Drilling fluids are categorized according to their continuous phase so that there are:

• Water-based fluids
• Oil Based Drilling Mud
• Pneumatic (gas) fluids

Consider a drop of a drilling fluid. If one could go from a point in one phase to any other point in that same phase, then it is said to be continuous. If one had to cross one phase to get back to the previous phase, then that phase is discontinuous. Solids are always a discontinuous phase. Therefore, drilling fluids are designated by their continuous phase.

Water-based drilling mud types are the most commonly used fluids, while oil-based muds are more expensive and require more environmental considerations (Benefits Of OBM over WBM). The use of pneumatic drilling fluids (i.e., air, gas, and foam) is limited to depleted zones or areas where the formations are low pressured (although with underbalanced-drilling equipment, higher pressured zones can now be drilled without the need for pneumatic drilling fluids).

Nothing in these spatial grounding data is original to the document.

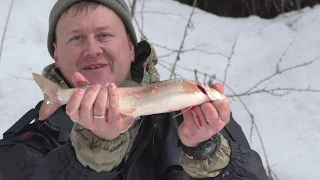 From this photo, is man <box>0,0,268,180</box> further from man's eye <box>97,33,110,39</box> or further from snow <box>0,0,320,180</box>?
snow <box>0,0,320,180</box>

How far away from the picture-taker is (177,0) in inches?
263

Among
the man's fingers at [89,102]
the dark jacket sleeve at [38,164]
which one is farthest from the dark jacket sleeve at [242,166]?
the man's fingers at [89,102]

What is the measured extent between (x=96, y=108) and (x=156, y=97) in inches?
9.8

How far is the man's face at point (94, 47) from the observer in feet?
7.32

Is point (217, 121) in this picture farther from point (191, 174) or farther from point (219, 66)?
point (219, 66)

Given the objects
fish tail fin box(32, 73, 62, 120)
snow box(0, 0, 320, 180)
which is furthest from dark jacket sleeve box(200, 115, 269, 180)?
snow box(0, 0, 320, 180)

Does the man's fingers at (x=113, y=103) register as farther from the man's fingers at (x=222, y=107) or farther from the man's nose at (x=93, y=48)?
the man's nose at (x=93, y=48)

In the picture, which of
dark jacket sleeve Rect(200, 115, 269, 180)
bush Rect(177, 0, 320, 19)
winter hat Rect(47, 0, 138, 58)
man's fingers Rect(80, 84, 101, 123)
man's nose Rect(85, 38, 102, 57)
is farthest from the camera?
bush Rect(177, 0, 320, 19)

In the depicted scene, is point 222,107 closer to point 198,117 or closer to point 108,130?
point 198,117

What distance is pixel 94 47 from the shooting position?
2230mm

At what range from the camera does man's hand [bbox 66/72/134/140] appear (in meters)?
1.65

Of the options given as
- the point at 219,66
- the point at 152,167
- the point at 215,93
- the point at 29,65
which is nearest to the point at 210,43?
the point at 219,66

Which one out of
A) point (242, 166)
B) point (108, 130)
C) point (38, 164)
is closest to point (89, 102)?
point (108, 130)

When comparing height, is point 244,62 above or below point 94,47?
below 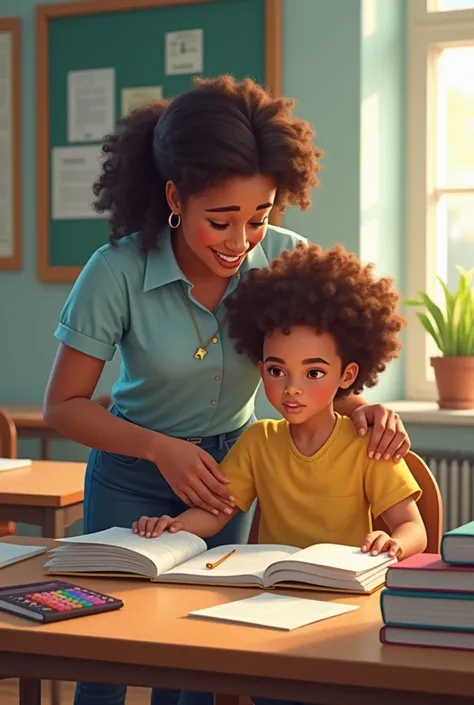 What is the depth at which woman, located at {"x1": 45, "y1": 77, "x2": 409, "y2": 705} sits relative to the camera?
1.73 m

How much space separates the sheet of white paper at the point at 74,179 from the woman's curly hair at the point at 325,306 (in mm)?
2252

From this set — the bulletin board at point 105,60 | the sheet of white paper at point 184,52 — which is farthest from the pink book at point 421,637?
the sheet of white paper at point 184,52

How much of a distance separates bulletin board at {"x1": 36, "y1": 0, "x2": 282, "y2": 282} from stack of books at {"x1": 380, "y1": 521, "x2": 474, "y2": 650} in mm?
2569

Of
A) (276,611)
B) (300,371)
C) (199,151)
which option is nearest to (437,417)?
(300,371)

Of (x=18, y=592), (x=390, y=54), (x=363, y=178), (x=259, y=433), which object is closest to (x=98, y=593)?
(x=18, y=592)

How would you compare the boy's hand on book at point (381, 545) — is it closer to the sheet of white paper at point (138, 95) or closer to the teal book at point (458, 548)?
the teal book at point (458, 548)

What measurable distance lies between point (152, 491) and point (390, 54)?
2.32 meters

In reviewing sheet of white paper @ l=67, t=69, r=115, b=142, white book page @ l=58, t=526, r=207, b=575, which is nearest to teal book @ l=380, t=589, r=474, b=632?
white book page @ l=58, t=526, r=207, b=575

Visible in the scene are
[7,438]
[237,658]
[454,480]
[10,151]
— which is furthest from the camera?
[10,151]

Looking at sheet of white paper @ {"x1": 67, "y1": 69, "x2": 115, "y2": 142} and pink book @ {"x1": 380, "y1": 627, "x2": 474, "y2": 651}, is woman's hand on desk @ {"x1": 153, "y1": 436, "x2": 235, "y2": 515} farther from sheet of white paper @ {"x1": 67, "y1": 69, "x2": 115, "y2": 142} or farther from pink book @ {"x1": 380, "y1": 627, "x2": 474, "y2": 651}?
sheet of white paper @ {"x1": 67, "y1": 69, "x2": 115, "y2": 142}

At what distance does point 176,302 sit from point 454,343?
1.89 m

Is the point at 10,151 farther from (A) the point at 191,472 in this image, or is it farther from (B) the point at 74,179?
(A) the point at 191,472

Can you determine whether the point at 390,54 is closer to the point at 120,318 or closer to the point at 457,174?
the point at 457,174

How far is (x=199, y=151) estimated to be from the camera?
1720 millimetres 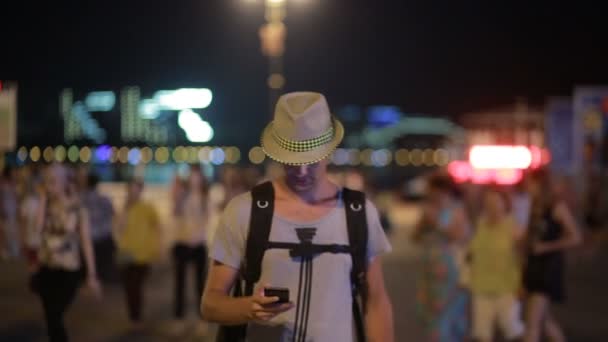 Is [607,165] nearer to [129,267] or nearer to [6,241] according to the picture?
[6,241]

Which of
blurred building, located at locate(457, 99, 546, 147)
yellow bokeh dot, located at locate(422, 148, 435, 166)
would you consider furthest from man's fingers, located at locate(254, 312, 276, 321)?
yellow bokeh dot, located at locate(422, 148, 435, 166)

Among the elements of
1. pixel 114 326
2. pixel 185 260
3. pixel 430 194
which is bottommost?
pixel 114 326

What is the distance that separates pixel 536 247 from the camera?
773 cm

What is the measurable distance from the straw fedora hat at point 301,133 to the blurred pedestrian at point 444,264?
4551mm

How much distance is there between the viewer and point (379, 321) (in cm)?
329

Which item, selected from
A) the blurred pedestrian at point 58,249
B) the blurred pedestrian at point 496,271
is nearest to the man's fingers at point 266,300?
the blurred pedestrian at point 58,249

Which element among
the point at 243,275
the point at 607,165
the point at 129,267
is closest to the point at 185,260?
the point at 129,267

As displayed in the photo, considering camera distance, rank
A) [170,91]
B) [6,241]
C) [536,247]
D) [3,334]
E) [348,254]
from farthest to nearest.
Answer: [6,241] → [170,91] → [3,334] → [536,247] → [348,254]

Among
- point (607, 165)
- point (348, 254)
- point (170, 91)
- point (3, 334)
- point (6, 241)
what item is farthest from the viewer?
point (607, 165)

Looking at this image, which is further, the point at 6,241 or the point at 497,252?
the point at 6,241

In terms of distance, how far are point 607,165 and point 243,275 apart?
82.8 ft

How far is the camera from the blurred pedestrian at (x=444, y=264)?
25.2 ft

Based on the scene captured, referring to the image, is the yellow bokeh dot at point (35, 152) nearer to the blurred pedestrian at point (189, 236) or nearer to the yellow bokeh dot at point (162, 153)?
the blurred pedestrian at point (189, 236)

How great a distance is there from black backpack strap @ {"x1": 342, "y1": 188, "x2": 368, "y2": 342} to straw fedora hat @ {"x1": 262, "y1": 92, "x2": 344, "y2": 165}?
0.63 ft
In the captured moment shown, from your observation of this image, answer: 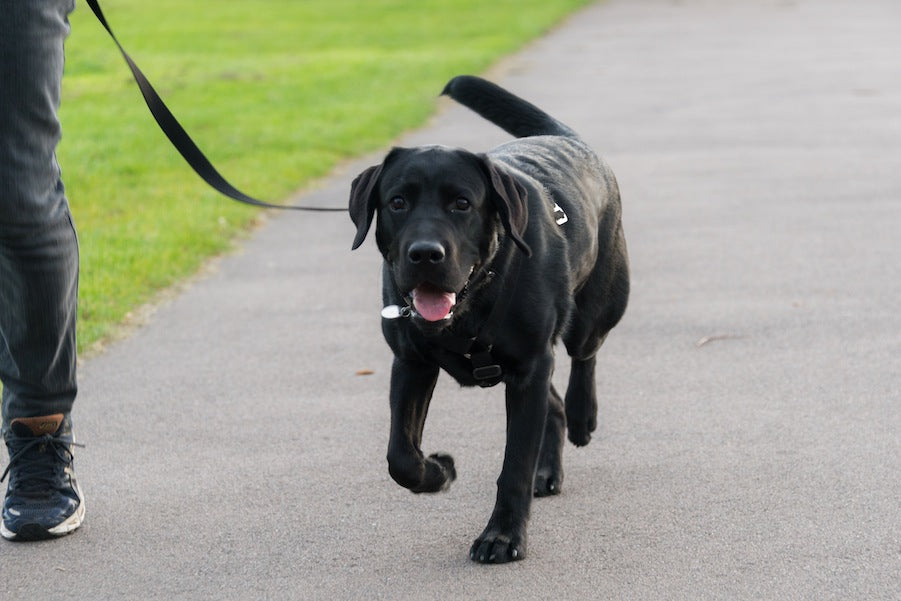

In water-based fluids, the solid particles are suspended in water or brine, while in oil-based muds the particles are suspended in oil. When pneumatic drilling fluids are used, the rock fragments or drill cuttings are removed by a high-velocity stream of air or natural gas. Foaming agents are added to remove minor inflows of water (Darley and Gray 1988).

Water-Based Fluids.

The majority of wells are drilled with water-based drilling fluids. The base fluid may be freshwater, saltwater, brine, or saturated brine. A typical water-based mud composition is illustrated in Fig. 1. Water-based drilling fluids range from native muds to lightly treated fluids to the more heavily treated, inhibitive fluids. They are divided into three major subclassifications:

• Inhibitive
• Noninhibitive
• Polymer

Inhibitive drilling fluids type retard clay swelling (i.e., the ability of active clays to hydrate is greatly reduced). For this reason, inhibitive fluids are used for drilling hydratable-clay zones. The ability of the formation to absorb water is not inhibited when noninhibitive fluids are used. The term noninhibitive refers to the lack or absence of those specific ions (sodium, calcium, and potassium) that are present in inhibitive fluids. Inhibitive fluid systems do not use chemical dispersants (thinners) or inhibitive ions, but native waters. Polymer fluids may be inhibitive or noninhibitive depending upon whether an inhibitive cation is used.

The Dispersed Bentonitic

These are fluids that are required for drilling deeper weels and there is a need of controlling its properties, i.e., weight, rheology and fluid loss. This type of water-based mud requires more attention for its properties & PH so using chemical thinners, such as lignosulfonate, lignite, or tannins & alkalinity control chemicals such as caustic soda will help in such a job.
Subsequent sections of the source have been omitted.